Restate all data exactly. No images.

**Information supplied**
━━━━
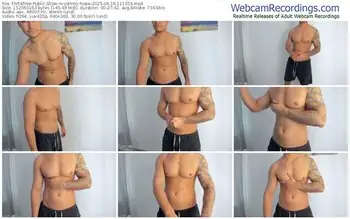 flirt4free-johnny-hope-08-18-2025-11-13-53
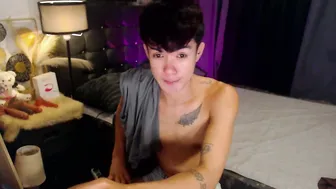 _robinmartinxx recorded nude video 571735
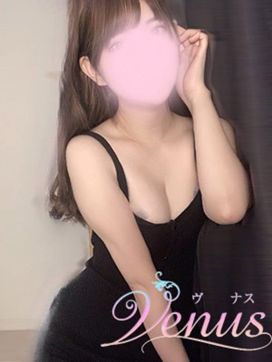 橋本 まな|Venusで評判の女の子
━━━━
**Exercise answer**
 flirt4free-johnny-hope-08-18-2025-11-13-53
 _robinmartinxx recorded nude video 571735
 橋本 まな|Venusで評判の女の子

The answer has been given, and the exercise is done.